Cohesin ChIP signal is significantly associated with TF motif score. (A) Cartoon heatmap representation of correlations between each sequence-specific factor's motif score and the ChIP signal of all available ChIP-seq data sets. Correlations with CRM ...

As expected due to their roles at the core promoter, high motif scores for both GABPA and E2F4 are most associated with H3K4me3 ChIP signal and tend to occur near to annotated TSSs (Conboy et al. 2007).

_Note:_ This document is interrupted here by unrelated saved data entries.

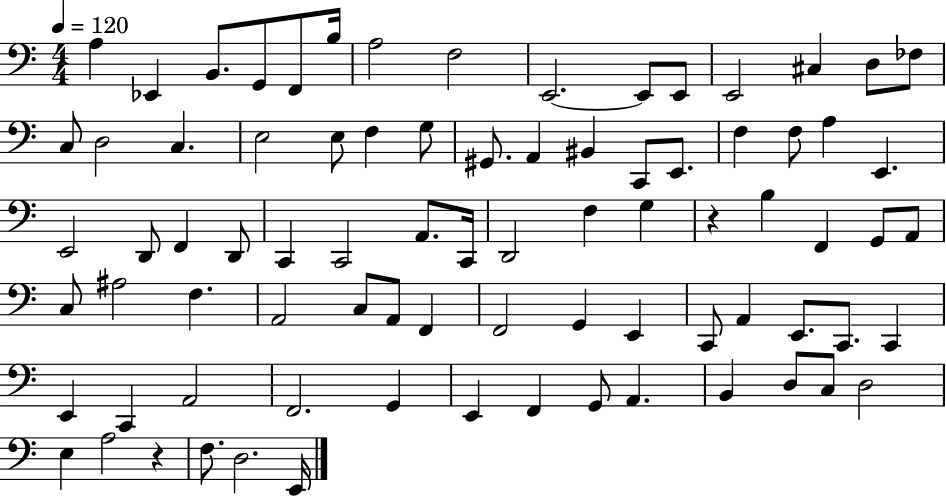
X:1
T:Untitled
M:4/4
L:1/4
K:C
A, _E,, B,,/2 G,,/2 F,,/2 B,/4 A,2 F,2 E,,2 E,,/2 E,,/2 E,,2 ^C, D,/2 _F,/2 C,/2 D,2 C, E,2 E,/2 F, G,/2 ^G,,/2 A,, ^B,, C,,/2 E,,/2 F, F,/2 A, E,, E,,2 D,,/2 F,, D,,/2 C,, C,,2 A,,/2 C,,/4 D,,2 F, G, z B, F,, G,,/2 A,,/2 C,/2 ^A,2 F, A,,2 C,/2 A,,/2 F,, F,,2 G,, E,, C,,/2 A,, E,,/2 C,,/2 C,, E,, C,, A,,2 F,,2 G,, E,, F,, G,,/2 A,, B,, D,/2 C,/2 D,2 E, A,2 z F,/2 D,2 E,,/4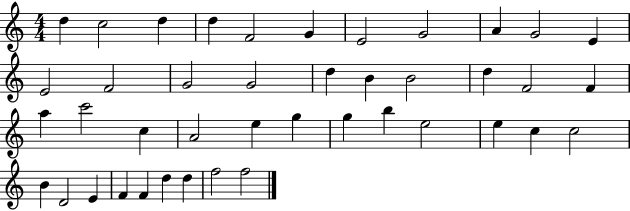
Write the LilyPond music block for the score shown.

{
  \clef treble
  \numericTimeSignature
  \time 4/4
  \key c \major
  d''4 c''2 d''4 | d''4 f'2 g'4 | e'2 g'2 | a'4 g'2 e'4 | \break e'2 f'2 | g'2 g'2 | d''4 b'4 b'2 | d''4 f'2 f'4 | \break a''4 c'''2 c''4 | a'2 e''4 g''4 | g''4 b''4 e''2 | e''4 c''4 c''2 | \break b'4 d'2 e'4 | f'4 f'4 d''4 d''4 | f''2 f''2 | \bar "|."
}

In addition, CRM occupancy count is anticorrelated with motif scores of all factors except E2F4, indicating that when TFs occur in the absence of other potential binding partners, their binding is more likely to coincide with a high-scoring motif match. However, for only four out of the 11 sequence-specific factors that we tested, the factor's motif score is most strongly correlated with its own ChIP signal. In fact, the strength of motif score for four different factors (ONECUT1, FOXA1, FOXA2, and HNF4A) is most strongly associated with HNF4A ChIP signal.

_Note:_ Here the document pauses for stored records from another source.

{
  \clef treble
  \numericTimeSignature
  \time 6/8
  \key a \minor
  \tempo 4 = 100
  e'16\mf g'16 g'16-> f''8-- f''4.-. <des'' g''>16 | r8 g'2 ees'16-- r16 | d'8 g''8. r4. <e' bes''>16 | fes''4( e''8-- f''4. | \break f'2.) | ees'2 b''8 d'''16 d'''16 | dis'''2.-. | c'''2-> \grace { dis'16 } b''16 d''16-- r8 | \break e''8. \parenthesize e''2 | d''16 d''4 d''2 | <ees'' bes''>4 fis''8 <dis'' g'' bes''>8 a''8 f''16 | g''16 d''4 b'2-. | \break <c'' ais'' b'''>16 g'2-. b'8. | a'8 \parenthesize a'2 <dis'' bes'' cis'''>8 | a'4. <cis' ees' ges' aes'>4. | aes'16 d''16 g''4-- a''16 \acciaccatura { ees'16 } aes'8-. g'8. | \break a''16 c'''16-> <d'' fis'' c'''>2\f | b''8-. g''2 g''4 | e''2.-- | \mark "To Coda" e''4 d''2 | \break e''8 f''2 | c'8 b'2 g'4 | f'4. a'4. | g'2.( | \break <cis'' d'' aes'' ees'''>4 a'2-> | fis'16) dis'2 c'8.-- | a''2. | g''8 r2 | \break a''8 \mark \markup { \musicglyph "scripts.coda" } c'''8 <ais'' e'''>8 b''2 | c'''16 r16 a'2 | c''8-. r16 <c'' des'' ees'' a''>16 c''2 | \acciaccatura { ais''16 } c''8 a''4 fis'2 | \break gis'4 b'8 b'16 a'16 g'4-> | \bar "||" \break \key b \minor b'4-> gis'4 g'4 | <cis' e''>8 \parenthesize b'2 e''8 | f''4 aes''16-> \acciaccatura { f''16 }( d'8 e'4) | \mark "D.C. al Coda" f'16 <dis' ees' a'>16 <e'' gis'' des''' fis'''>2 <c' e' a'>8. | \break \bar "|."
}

Interestingly, cohesin ChIP signal is also anticorrelated with motif scores of all assayed factors except CTCF (Spearman's ρ = 0.11) and E2F4 (Spearman's ρ = 0.13); in other words, stronger cohesin binding is associated with lower-quality motif matches for co-bound TFs. The two exceptions to this rule, i.e., positive correlations with E2F4 and CTCF, are unsurprising since strong E2F4 motifs and binding are found in highly occupied CRMs and CTCF binding has previously been shown to correlate well with motif quality, and there is evidence that CTCF recruits cohesin to sites where they co-occur (Parelho et al. 2008). For all other factors, stronger cohesin ChIP signals are associated with lower motif scores, particularly for the ONECUT1 motif (Spearman's ρ = −0.5) and CEBPA motif (Spearman's ρ = −0.38).

We also compared levels of cohesin ChIP signal between explicit groups of CRMs: those with and those without high-scoring motifs according to a minimum PWM score threshold. For all sequence-specific factors except CTCF and E2F4, we observe higher levels of cohesin in the absence of high-scoring motifs (Fig. 5B).

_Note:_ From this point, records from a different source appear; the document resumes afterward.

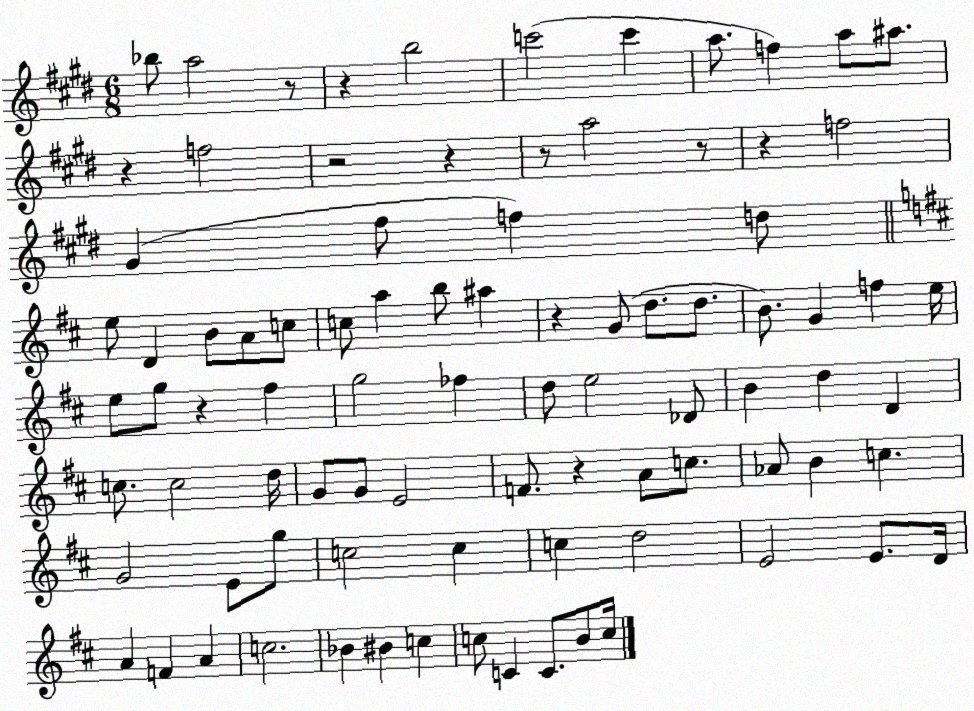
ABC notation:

X:1
T:Untitled
M:6/8
L:1/4
K:E
_b/2 a2 z/2 z b2 c'2 c' a/2 f a/2 ^a/2 z f2 z2 z z/2 a2 z/2 z f2 ^G ^f/2 f d/2 e/2 D B/2 A/2 c/2 c/2 a b/2 ^a z G/2 d/2 d/2 B/2 G f e/4 e/2 g/2 z ^f g2 _f d/2 e2 _D/2 B d D c/2 c2 d/4 G/2 G/2 E2 F/2 z A/2 c/2 _A/2 B c G2 E/2 g/2 c2 c c d2 E2 E/2 D/4 A F A c2 _B ^B c c/2 C C/2 B/2 c/4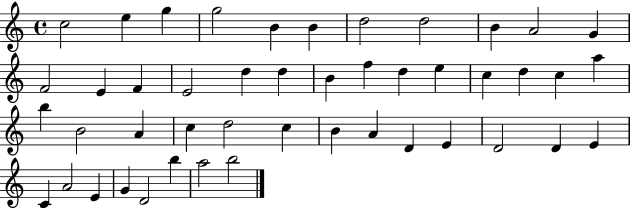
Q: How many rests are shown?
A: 0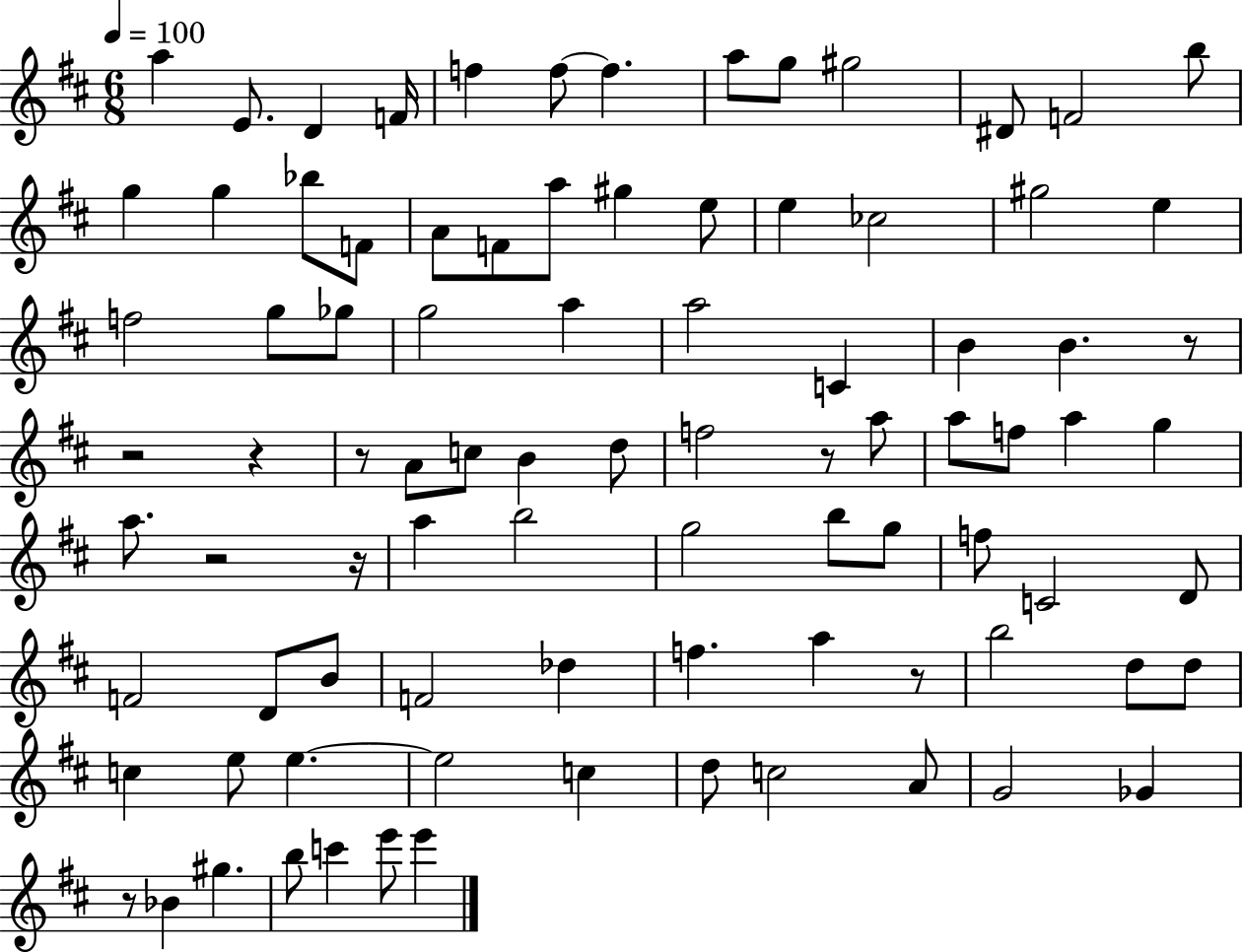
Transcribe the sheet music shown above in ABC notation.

X:1
T:Untitled
M:6/8
L:1/4
K:D
a E/2 D F/4 f f/2 f a/2 g/2 ^g2 ^D/2 F2 b/2 g g _b/2 F/2 A/2 F/2 a/2 ^g e/2 e _c2 ^g2 e f2 g/2 _g/2 g2 a a2 C B B z/2 z2 z z/2 A/2 c/2 B d/2 f2 z/2 a/2 a/2 f/2 a g a/2 z2 z/4 a b2 g2 b/2 g/2 f/2 C2 D/2 F2 D/2 B/2 F2 _d f a z/2 b2 d/2 d/2 c e/2 e e2 c d/2 c2 A/2 G2 _G z/2 _B ^g b/2 c' e'/2 e'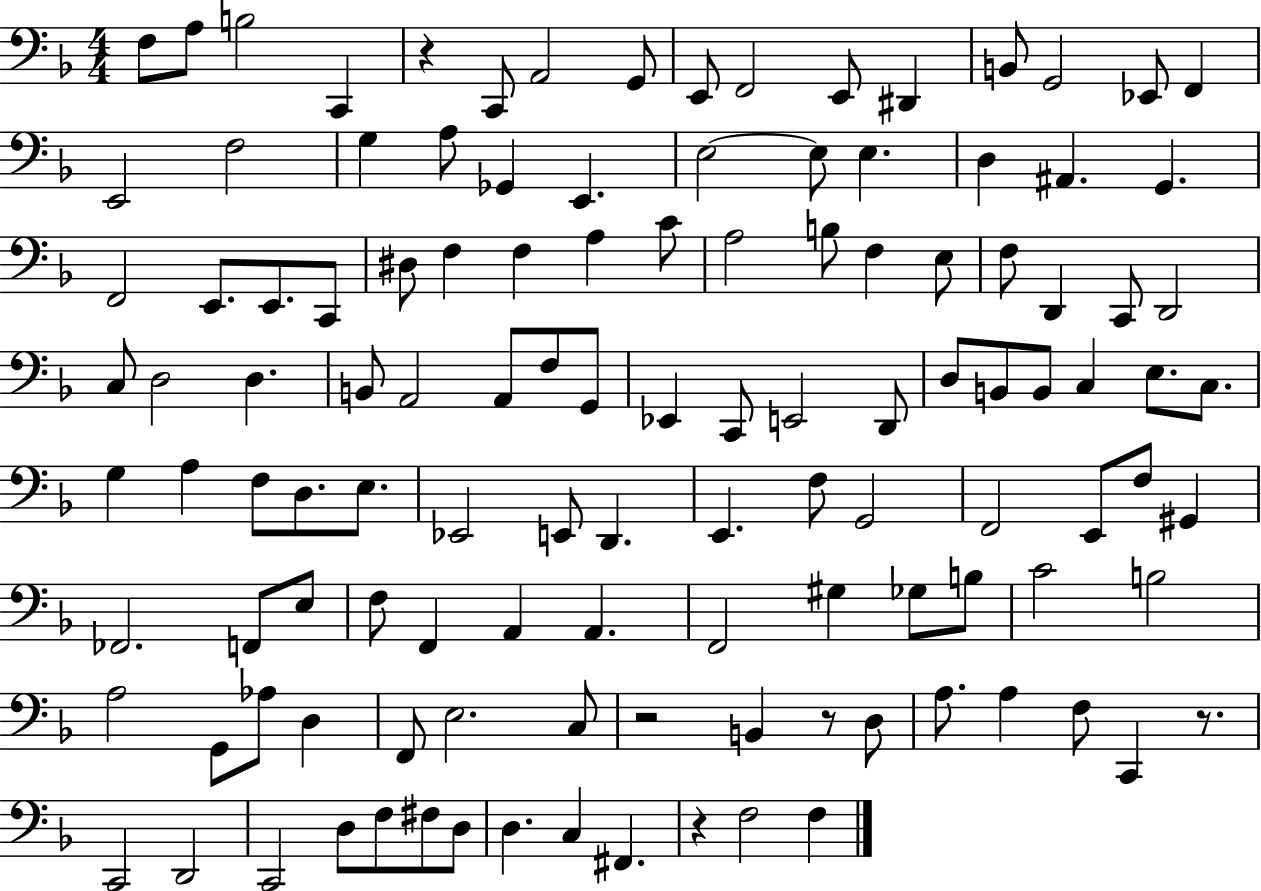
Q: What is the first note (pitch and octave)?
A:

To determine whether cohesin presence could help to explain the discrepancy between TF ChIP signal and motif score, we trained logistic regression classifiers to predict the presence of high-scoring motifs for each sequence-specific factor, with and without cohesin ChIP signal information. For ONECUT1, CEBPA, HNF1A, PKNOX1, FOXA1, FOXA2, REST, and E2F4, cohesin ChIP information markedly improved the performance of the classifier. For GABPA, HNF4A, and CTCF there is minimal improvement in performance with the inclusion of cohesin in the model (Supplemental Fig. S8). These results suggest that cohesin presence is able to partially decouple ChIP signal from motif score for a significant number of TFs, including those that are often found at enhancer elements.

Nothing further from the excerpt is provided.